De son côté, celui qui a toujours réfuté, malgré une récente condamnation, toute implication dans le dopage et se définit comme un spécialiste en homéopathie et médecines naturelles, a voulu contre-attaquer sur le plan judiciaire en déposant une plainte contre l'émission Cash Investigation, à l'origine de ses nouveaux ennuis, a précisé son avocat, Me Hector Bernardini.
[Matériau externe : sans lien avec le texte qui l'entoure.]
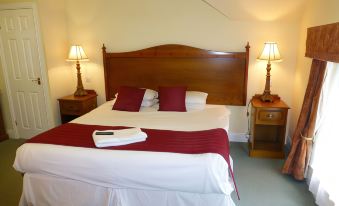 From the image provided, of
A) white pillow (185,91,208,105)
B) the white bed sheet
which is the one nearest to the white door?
the white bed sheet

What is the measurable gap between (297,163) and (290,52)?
5.05 feet

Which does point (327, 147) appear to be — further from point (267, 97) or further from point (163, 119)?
point (163, 119)

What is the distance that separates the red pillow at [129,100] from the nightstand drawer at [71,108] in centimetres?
69

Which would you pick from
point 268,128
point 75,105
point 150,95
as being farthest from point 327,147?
point 75,105

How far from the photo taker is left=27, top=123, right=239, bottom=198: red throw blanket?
211 centimetres

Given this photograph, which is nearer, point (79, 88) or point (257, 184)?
point (257, 184)

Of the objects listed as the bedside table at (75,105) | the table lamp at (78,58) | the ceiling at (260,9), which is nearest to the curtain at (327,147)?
the ceiling at (260,9)

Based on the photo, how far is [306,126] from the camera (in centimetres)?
261

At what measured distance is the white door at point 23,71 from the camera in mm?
3641

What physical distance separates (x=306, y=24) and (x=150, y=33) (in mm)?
2061

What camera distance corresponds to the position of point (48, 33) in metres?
3.68

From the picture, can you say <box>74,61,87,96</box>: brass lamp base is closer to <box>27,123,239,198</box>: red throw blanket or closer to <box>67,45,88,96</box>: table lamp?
<box>67,45,88,96</box>: table lamp

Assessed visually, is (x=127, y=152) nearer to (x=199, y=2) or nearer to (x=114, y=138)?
(x=114, y=138)

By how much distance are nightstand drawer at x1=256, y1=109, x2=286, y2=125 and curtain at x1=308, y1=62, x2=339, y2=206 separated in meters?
0.63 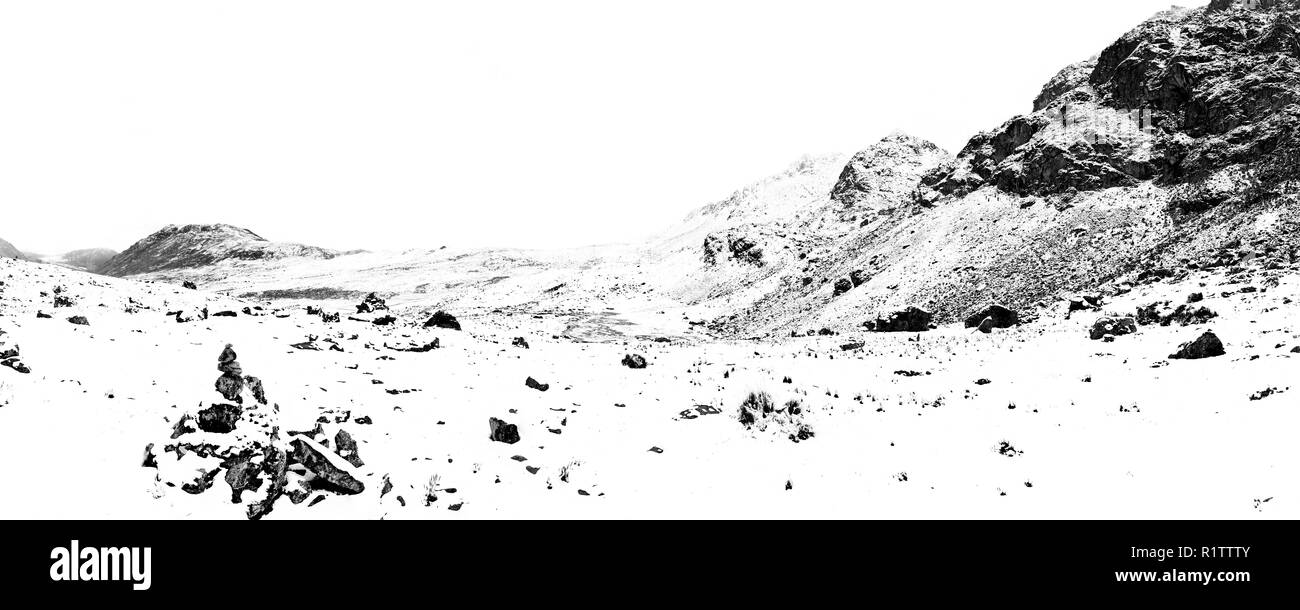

En juin 2016, l'émission d'Elise Lucet, en collaboration avec Le Monde, révélait que loin d'être rangé des vélos, Sainz continuait à prodiguer ses conseils à ceux qui le sollicitaient. Ainsi, pouvait on voir l'ancien directeur sportif attablé dans une brasserie parisienne divulguer ses codes de prescription à un coureur, "vitamine D" pour le corticoïde "diprostène" (interdit en compétition), ou la plante thérapeutique "chelidonium" pour dire "clenbuterol", un puissant agent anabolisant. Dans un autre passage, il conseillait aussi des prises d'EPO, avant de fixer des tarifs, selon les gains remportés.

- Déjà condamné -

Un flagrant délit ? L'avocat du naturopathe assure qu'il s'agit plutôt d'un traquenard, orchestré selon lui par des journalistes et quelques revanchards du cyclisme. "On a travesti le sens de ses propos" à coups de provocations et en coupant au montage, assure son avocat. "C'est une machination", poursuit Me Bernardini, qui assure que les passages où le praticien recommande de ne plus se doper ou de diminuer les doses pour supporter un sevrage ont été supprimés.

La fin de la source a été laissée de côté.